I could have tried to write down how I felt at the time... I think that writing would have helped me at the time. I don't know why I didn't try.
Also listening to the talk radio and trying to calm myself down, or draw, or something. There was a whole host of things I could have tried. - name at least two things you will do to help yourself remember those coping methods if you end up in this situation again.
Next time, at the least, I'll try to write how I feel. Or I can try to talk to someone on the phone or something.
Generally, my friends are pretty supportive when it comes to me SIing. (Although I've never really spoke to them about it before.) - how do you feel about the situation that led to self-harm now? is it resolved? if not, what are some steps you might take toward resolution?
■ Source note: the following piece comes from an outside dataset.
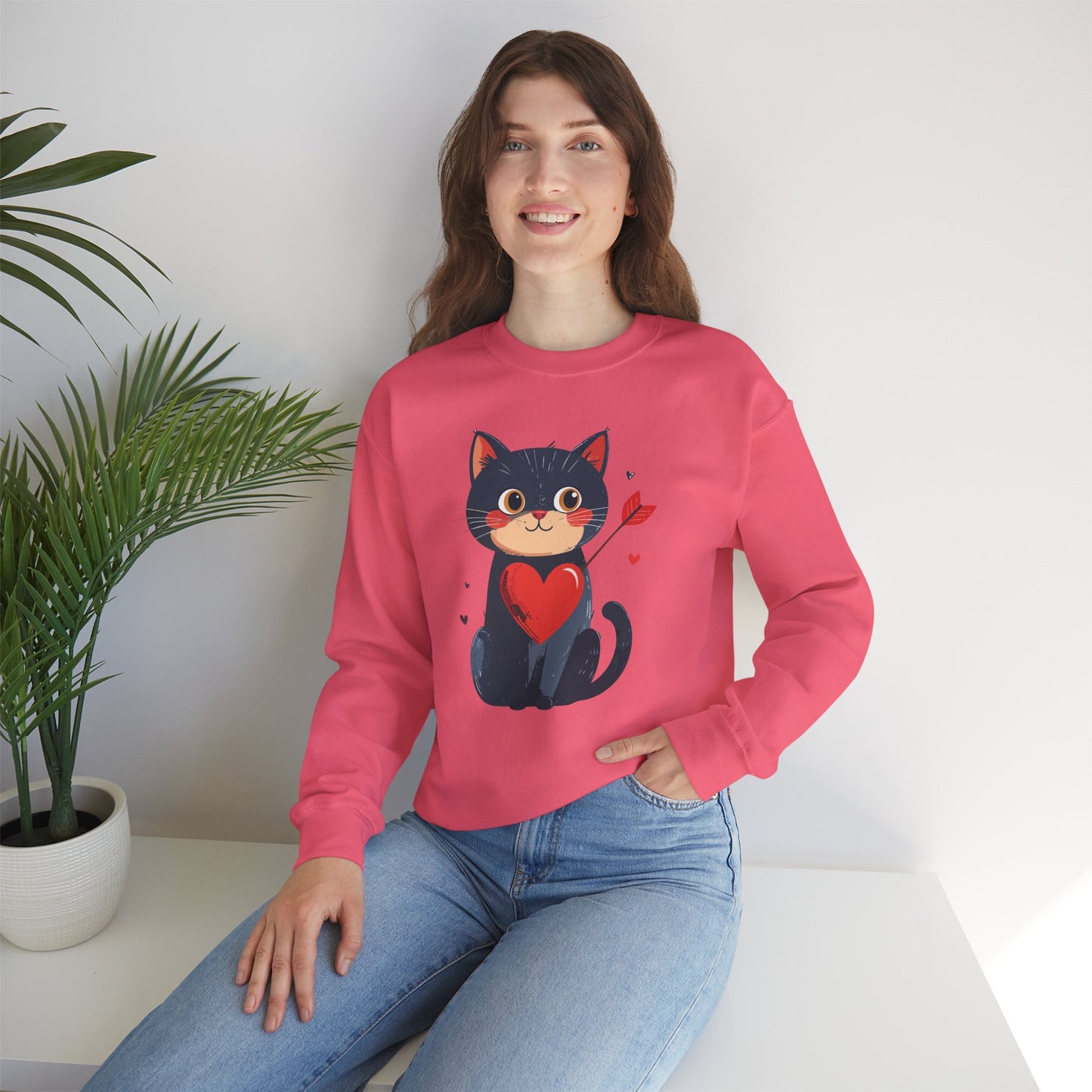 Cat Heart Sweatshirt Unisex Valentines Day Fifty Fifty Cotton Poly 8 Oz Heavy Blend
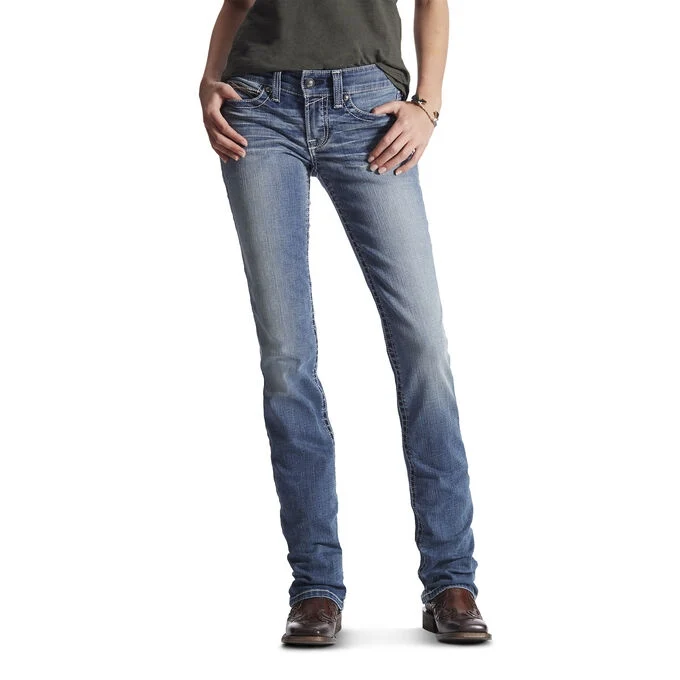 Ariat Ladies R.E.A.L. Boot Simple Stitch Jeans Rainstorm / 30 Long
The situation is not really resolved. I still feel the same hate towards my body, especially now since I've eaten 'dinner' for the day. Also, I still feel like I need to talk to someone.
I guess I'll try to read some things in 'coping' about what I can do. - are you likely to be in that emotional place again? how will you recognize it when you're in that situation?
I think I'm likely to be in this emotional state again. I'll recognize it because I usually try to distance myself from others when I feel like this. I'll try not to distance myself next time. - what will you try before you resort to self-harm if you're in that situation again? list three specific things you will commit to trying.
I'll try to write, draw, or listen to something or watch TV to try to distract myself. I can also read an interesting book or exercise.